Mare, in Sicilia sventola anche bandiera “rossa” - QdS

Mare, in Sicilia sventola anche bandiera “rossa”

Mare, in Sicilia sventola anche bandiera “rossa”

martedì 11 Maggio 2021

Bene l’aumento delle località “blu”. Restano però 50 km di costa contaminati a causa di depuratori guasti e scarichi illegali

Escherichia Coli ed enterococco sono due batteri che, in genere, si trovano nelle acque reflue. Purtroppo, in Sicilia, si trovano anche nel 4,8% del mare che circonda l’Isola. Ciò vuol dire che in ben 50,5 chilometri di costa la concentrazione di questi due contaminanti fecali supera i limiti previsti dalla legge e, di conseguenza, rende il mare pericoloso per l’uomo.

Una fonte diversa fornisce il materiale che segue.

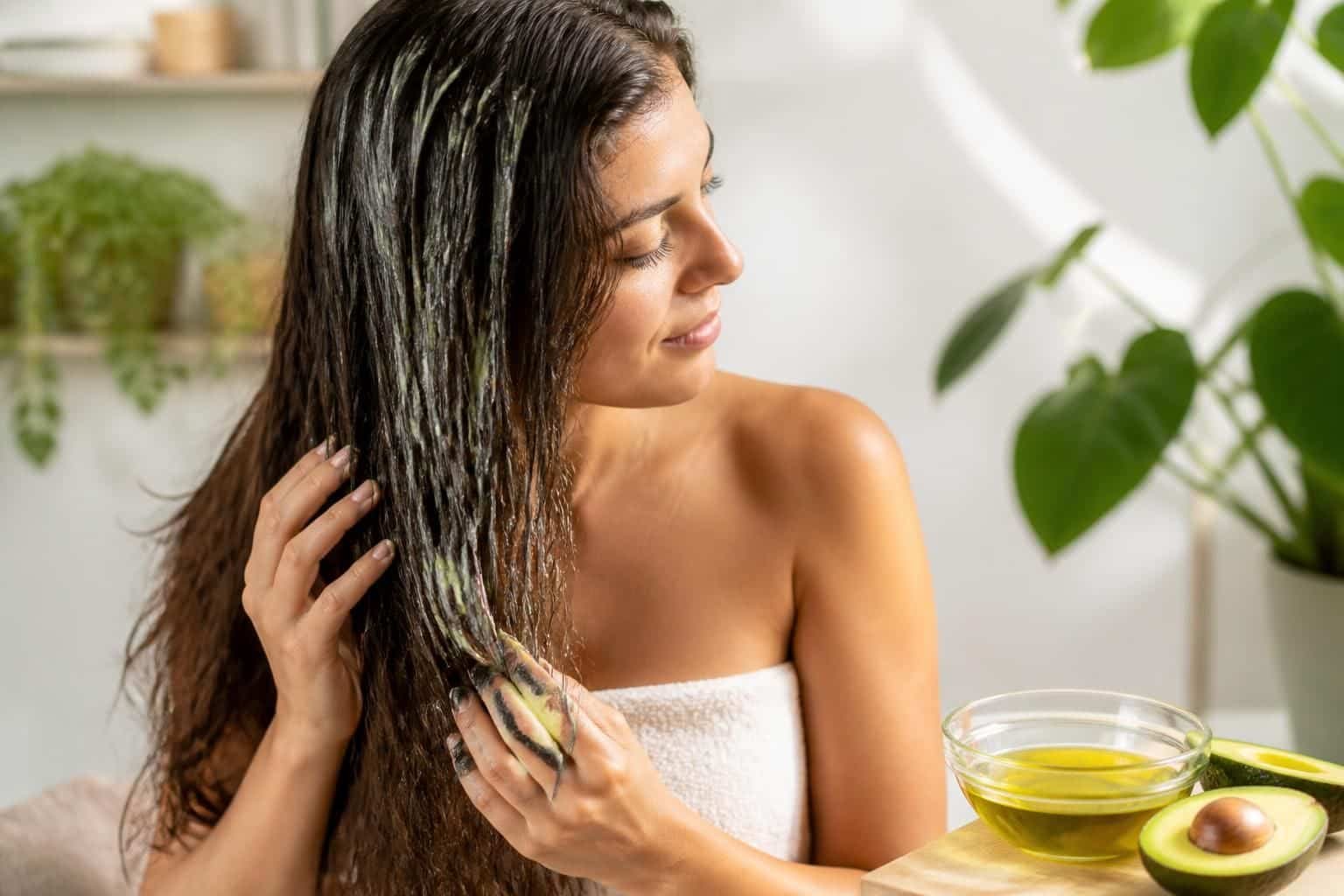 découvrez les bienfaits de l'huile d'avocat pour les cheveux secs avec nos recettes de masque et bain d'huile naturels pour nourrir et réparer vos cheveux en profondeur.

È quanto risulta dal Ddg 256 del 2021, emanato dal dipartimento Attività sanitarie e osservatorio epidemiologico, che ha stabilito, tra le altre cose, le zone in cui la balneazione è vietata.

ACQUE SICILIANE INQUINATE

La zona più soggetta ad inquinamento costiero è la provincia di Palermo che da sola conta circa 22,7 chilometri inquinati. A contribuire maggiormente a questa contaminazione è l’ex capoluogo di provincia (anche a causa della lunghezza della costa), dove alcuni dei tratti di mare non balneabili a causa di inquinamento riguardano le frazioni di Addaura, Sferracavallo e Mondello e la zona compresa tra la fine del porto S. Erasmo e l’inizio del porto Bandita. Un comune dove è stato rilevato un ampio inquinamento costiero è quello di Carini. Qui, su circa dieci chilometri di costa, quasi sei sono inquinati e con divieto di balneazione. La seconda zona per ampiezza di rive contaminate è il messinese, dove 9,8 chilometri di mare non sono balneabili. Anche in questo caso, è il comune di Messina ad avere più chilometri “vietati”, ben 7,2 di cui 6,4 concentrati tra le foci dei torrenti Larderia e Portalegni. L’ultimo posto sul podio dell’inquinamento costiero spetta alla provincia di Catania, che conta quasi sette chilometri di litorale contaminato.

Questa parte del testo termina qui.